Despite having a beautiful Lake, Malawi is still an unnoticed tourism destination in Southern Africa, says the World Bank

The World Bank says Malawi remains an under-the-radar destination in the Southern Africa region despite tourism offering positive returns in the economy by creating jobs for skilled and unskilled labour.

The presidential cruise on Lake Malawi

This is according to a blog by the bank’s senior private sector development specialist Efrem Chilima and its senior private sector specialist Qursum Qasim posted on on Monday.

Chilima and Qasim argue that positioning Malawi’s lake tourism as a must-see destination in Southern Africa and air linking the country to nearby popular destinations in South Africa and Zambia could help position Malawi as a tourist destination.

Reads the blog in part: “Positioning Malawi’s lake tourism as a must-see destination in Southern Africa, with the Unesco World Heritage Site of Lake Malawi as its centerpiece, offers a viable opportunity.

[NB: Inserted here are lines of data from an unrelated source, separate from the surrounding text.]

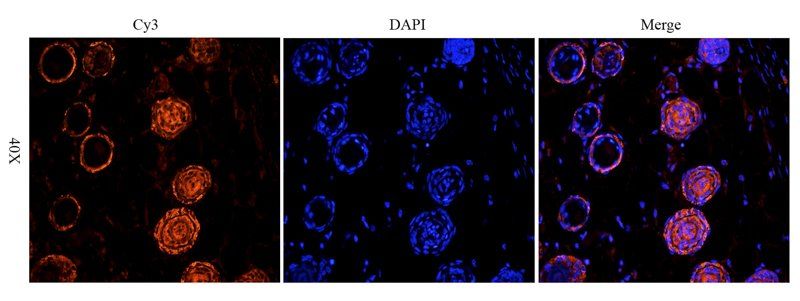 CD63 Rabbit Polyclonal Antibody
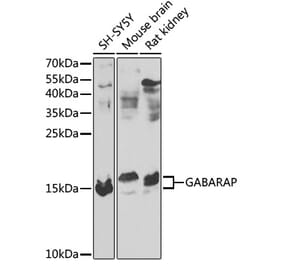 Western Blot - Anti-GABARAP Antibody (A88276) - Antibodies.com
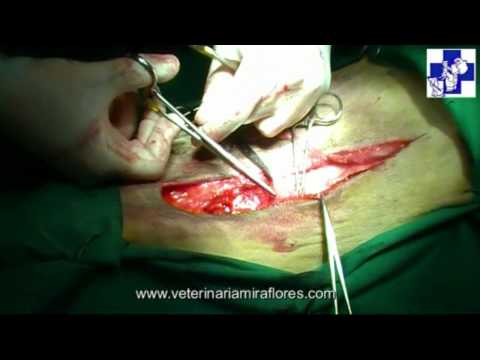 Video: Tumor De Tejido Graso (benigno) En Perros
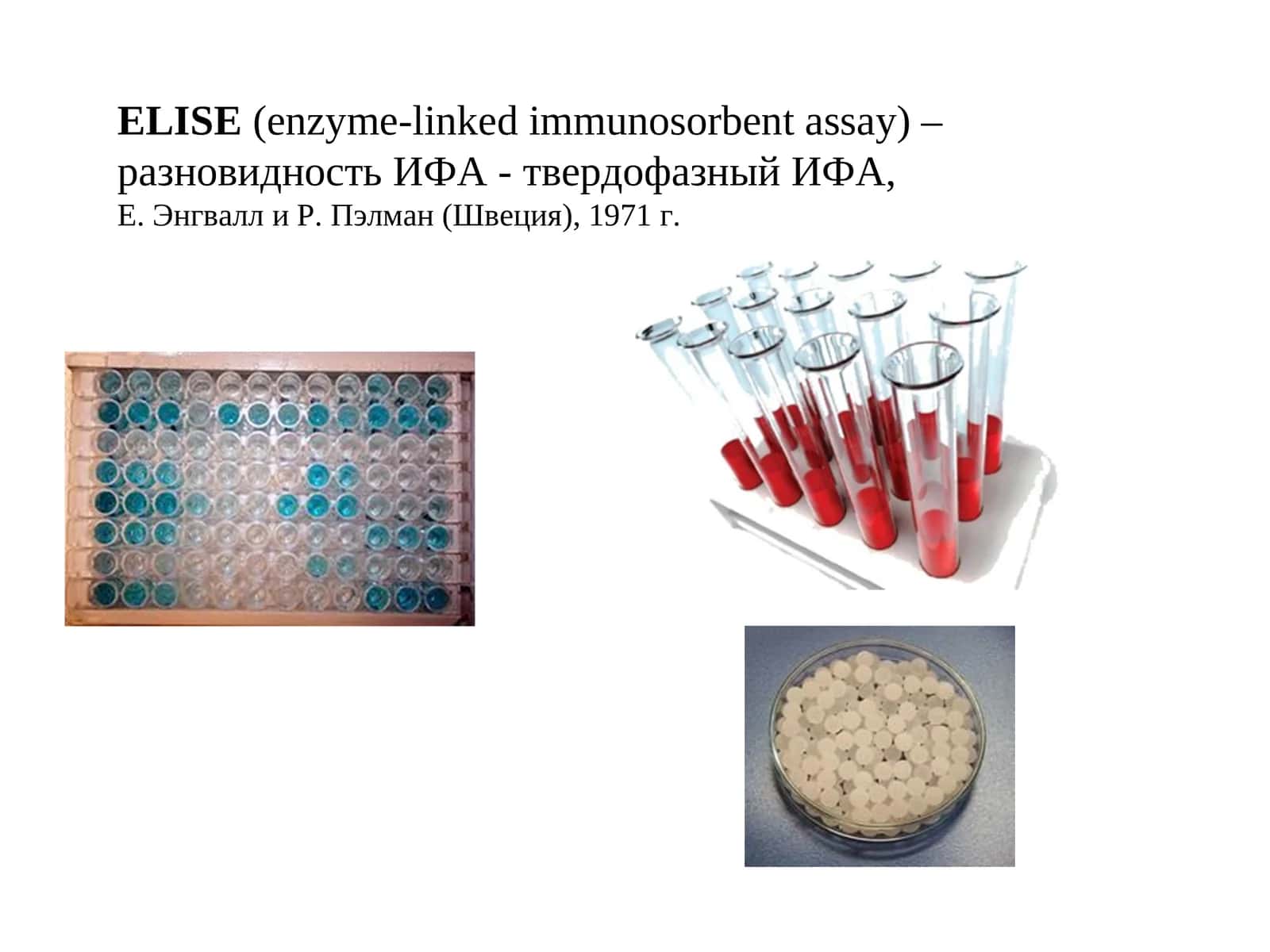 ELISE(enzyme-linked immunosorbent assay)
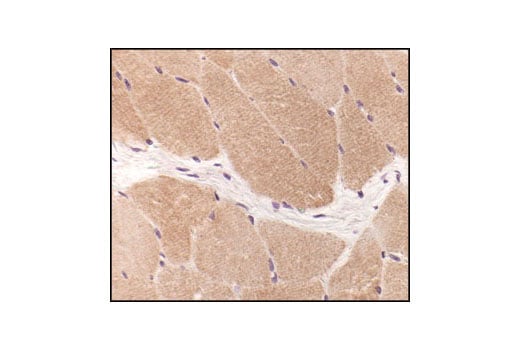 Immunohistochemistry Image 3: Pan-Actin Antibody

“The country’s land and air links to nearby popular destinations in South Africa and Zambia is an opportunity for Malawi to position itself as an indelible part of the regional package. Opportunities for greening tourism in Malawi abound, from developing off-grid electricity generation to eco-tourism activities.”

An analysis based on published World Travel and Tourism Council data shows that although Malawi is touted as the most attractive and complete destination in Africa, her earnings from international tourism are minimal.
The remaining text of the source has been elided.